Other younger additions to the team also have made an impact.
“We had a bunch of good freshmen that came up and some goal scorers came up and some defensemen came up, as well, and they are learning a lot more things from the veteran players,” Hill said.
“Everyone's contributed and that's what you need to do in a team sport,” Hepler said.
Through 20 games, the Yellowjackets were 15-4-1. The Class A, Section 3 champion — heading into the Penguins Cup playoffs, which began earlier this week — Freeport is a balanced team, not overly powerful on offense or defense.
“We're not trying to be either one of those. We're just trying to be a good solid hockey team every time we go out,” Hepler said.
Forwards Cole Hepler and Gregory Newman led the offense this season, scoring 32 points each through 20 games. On the blue line, Brendon Zack led Freeport's defense.
“I just feel like we have a really good group of kids, and they understand what we're trying to get done and they play together really well,” Dave Hepler said.
Freeport's weakness has been taking too many penalties.
“I'm pretty sure we're one of the most penalized teams in the league,” DiGiacobbe said.
Through Feb. 24, Freeport had the highest number of penalty minutes at 324. Mars was the next with 315.
In some games, Freeport was playing the equivalent of a whole period shorthanded.
“That cannot happen in the playoffs. You got one shot at it, you got three periods and that's it,” Hepler said. “You cannot give the other team an opportunity on the power play to put the puck in the net.”
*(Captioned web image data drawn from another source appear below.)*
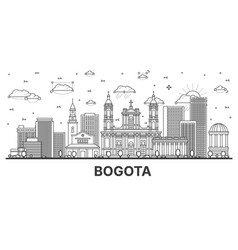 Outline Bogota Colombia City Skyline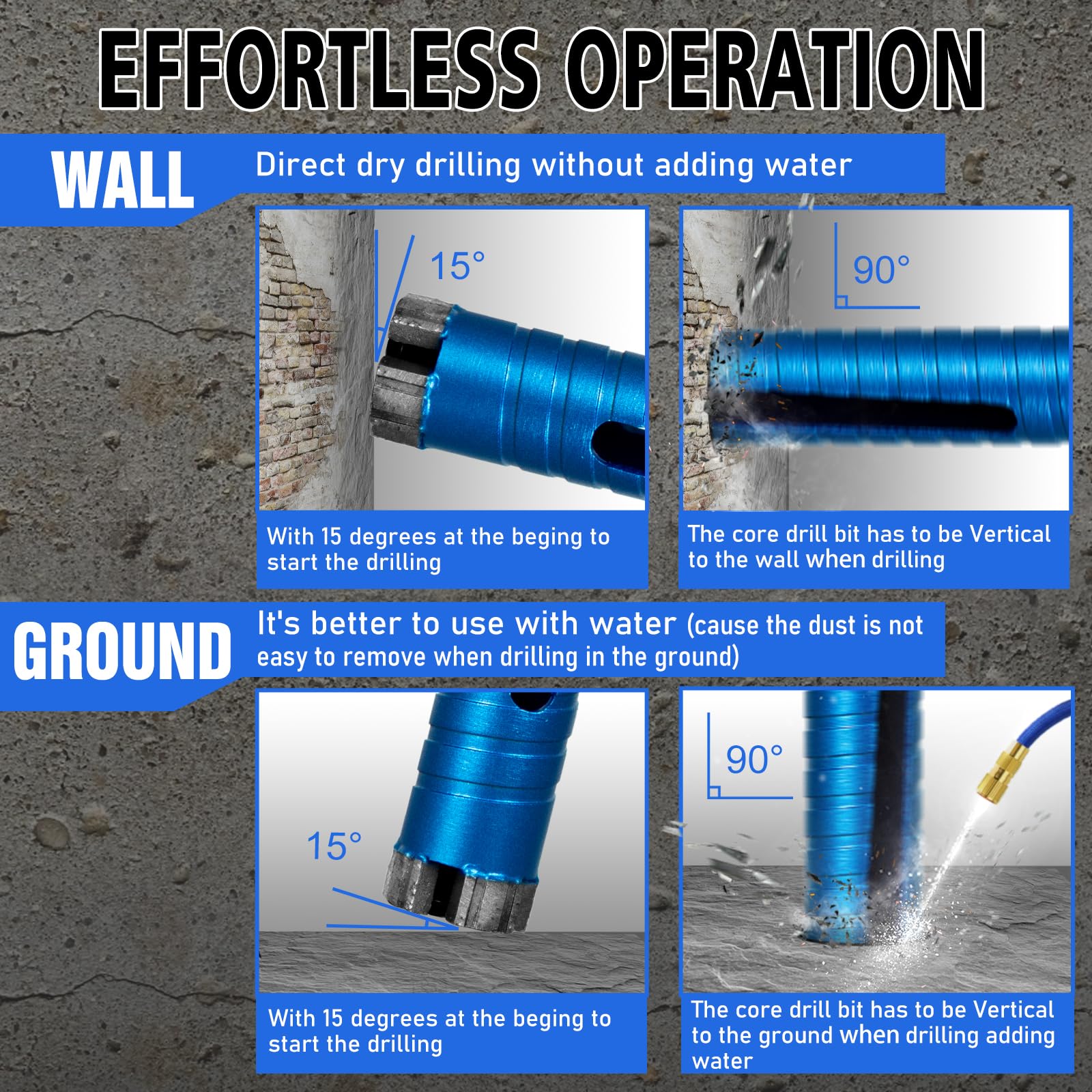 KIWDZFU LKI0817A129 Cement-Masonry-Drill-Bits - View #3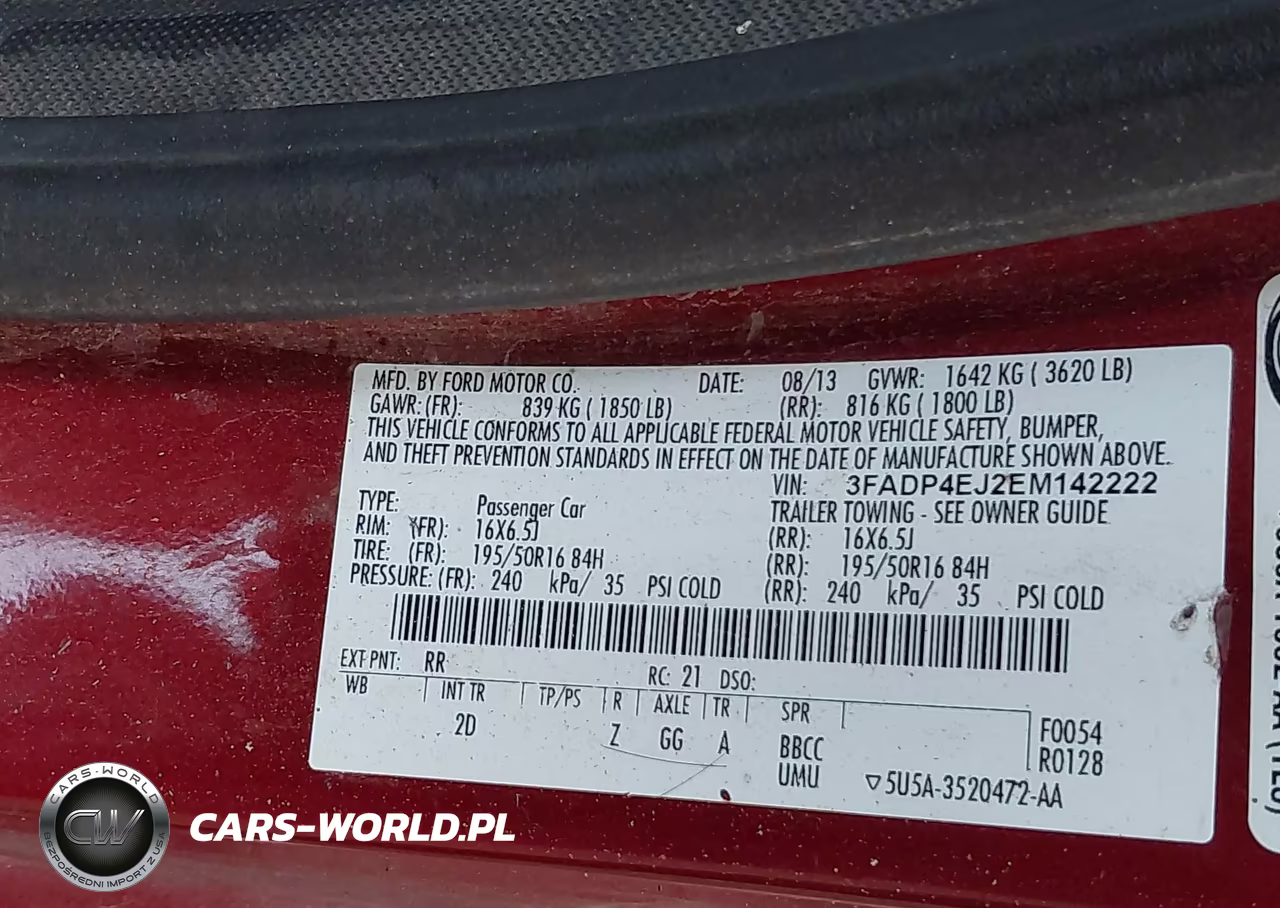 2014 Ford Fiesta Se VIN:3FADP4EJ2EM142222 - 9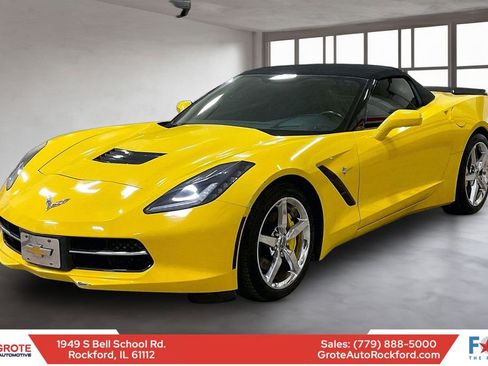 Used 2014 Chevrolet Corvette Stingray Convertible w/ 2LT Preferred Equipment Group image 1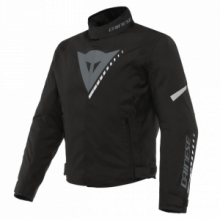 DAINESE VELOCE D-DRY JACKET BLACK/CHARCOAL-GRAY/WHITE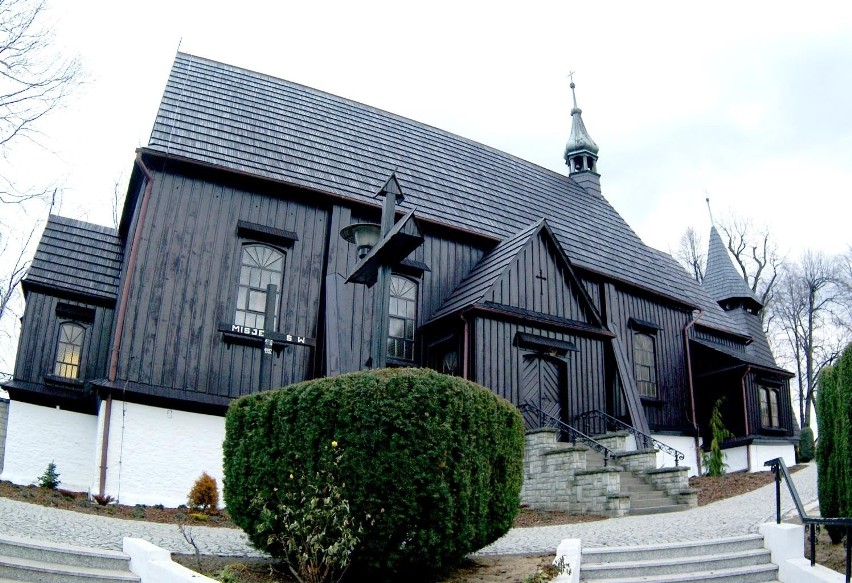Kościół św. Mikołaja w Łące, w powiecie pszczyńskim....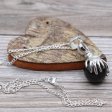 (image for) Gemstone Healing Hands Pendant - Black Agate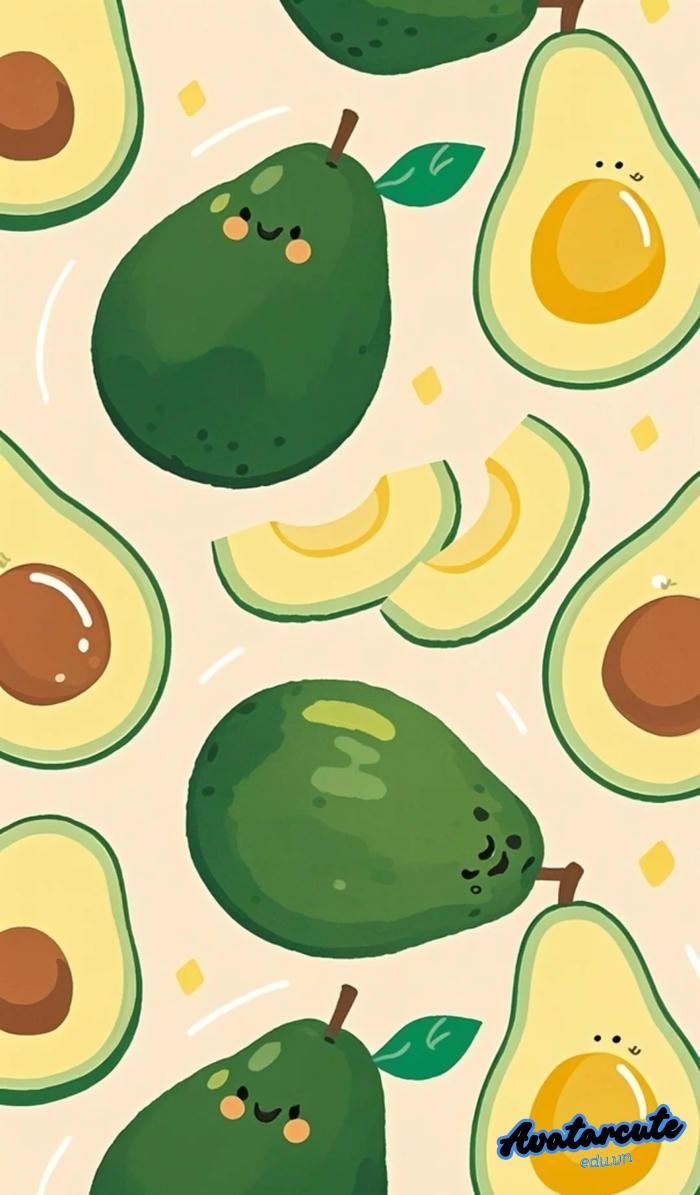 hình nền quả bơ dễ thương full hd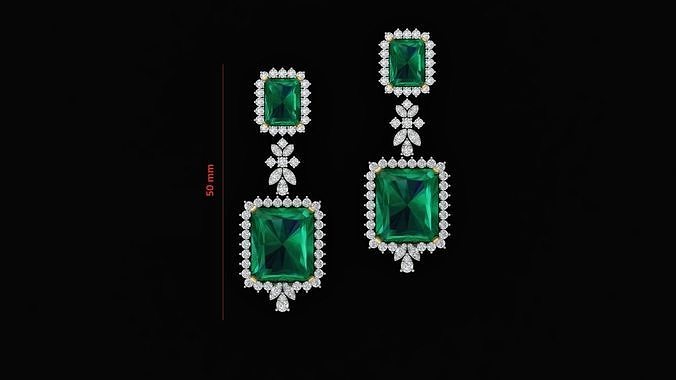 Earrings 3D print model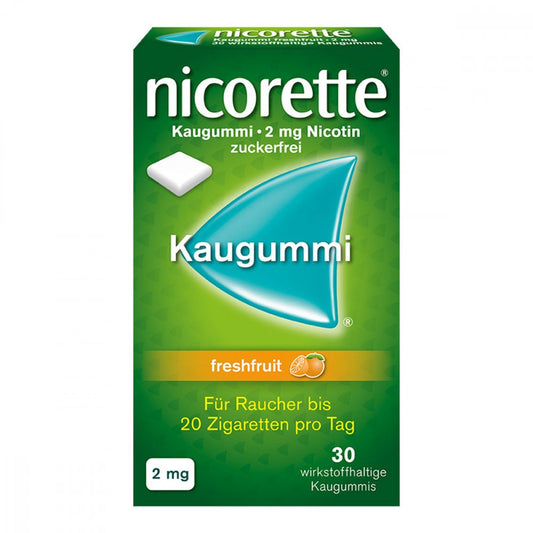Nicorette Kaugummi 2 Mg Freshfruit (30 stk)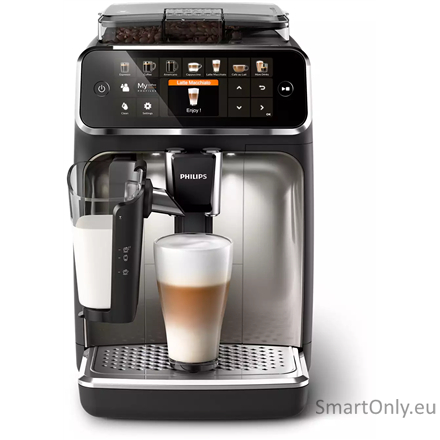 Philips | Series 5400 Coffee Maker | EP5447/90 | Pump pressure 15 bar | Built-in milk frother | Fully Automatic | 1500 W | Black 1 Philips | Series 5400 Coffee Maker | EP5447/90 | Pump pressure 15 bar | Built-in milk frother | Fully Automatic | 1500 W | Black 1
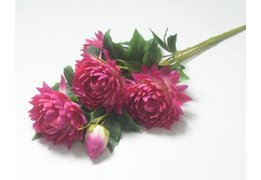 Ветка в букете лотос 4 головы + 1 бутон (1010237) 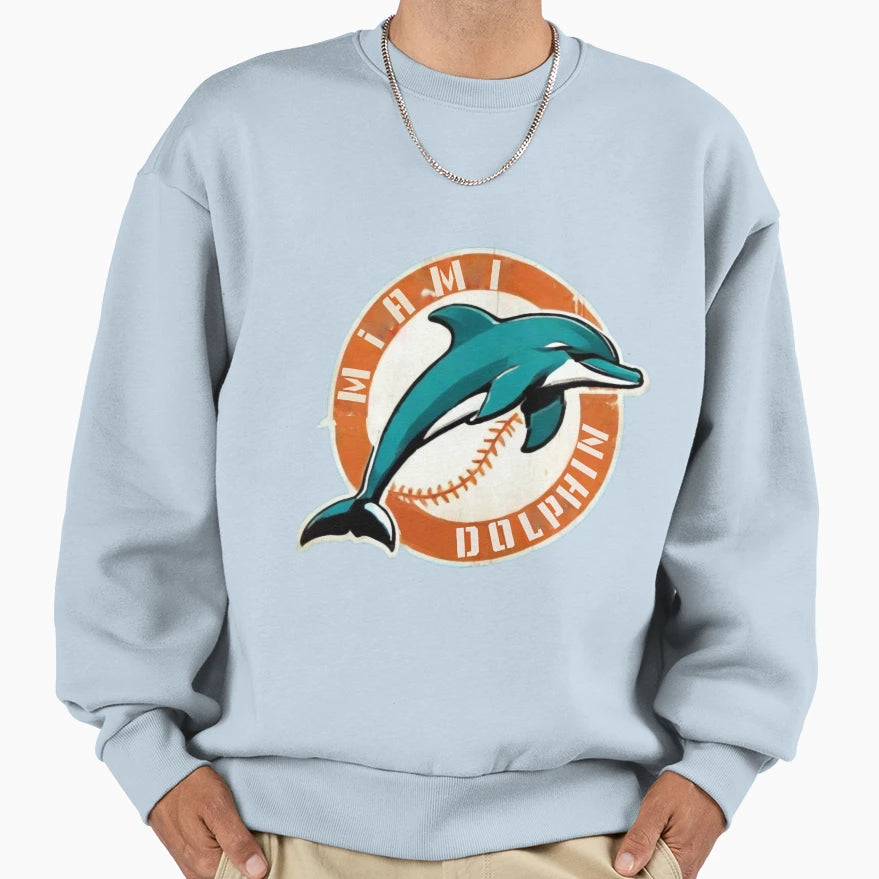 Art Miami Dolphins Sweatshirt - Streetwear Style for Adults - T-Shirt, Sweatshirt, Hoodie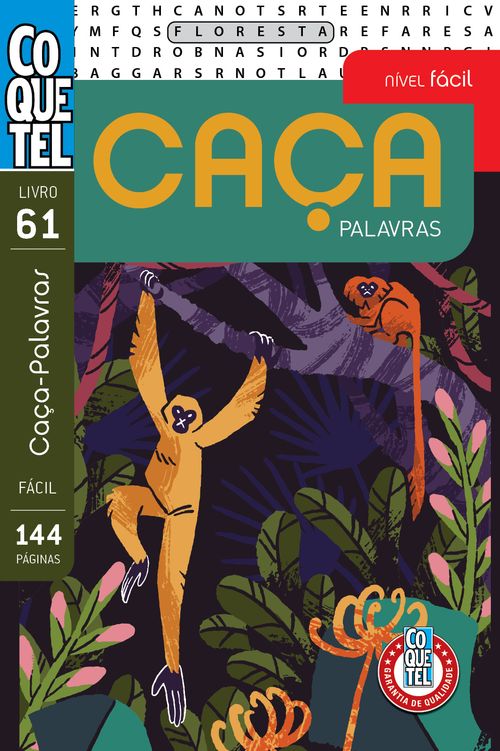 Livro Coquetel Caça Palavras 61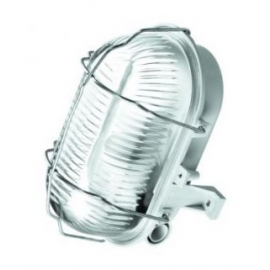 Plafon lampa - “laiviņa” Lena Lighting Oval 60 simetal 2 60W E27, IP44 | Plafoni ➟ prof.lv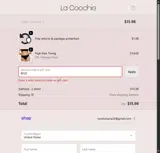 BF20 coupon verification screenshot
Freeport has a strong power play, which helped to counteract some of the damage the penalties created. As the end of the regular season approached, Freeport was able to cut down on the number of penalties it was taking.
“It's gone down quite a bit, actually,” Hill said.
The coaching staff has been trying to emphasize the importance of staying out of the penalty box.
“The message is definitely getting across,” said DiGiacobbe.
Hepler said the Yellowjackets would have to play smart, clean hockey in the playoffs.
“They've gotta get into the game, focus, know what's at hand, be relaxed and play their game,” he said.
“As long as we're disciplined and everyone is on their game, (we) feel like we can beat anyone,” DiGiacobbe said.
Amanda Iannuzzi is a freelance writer for Trib Total Media.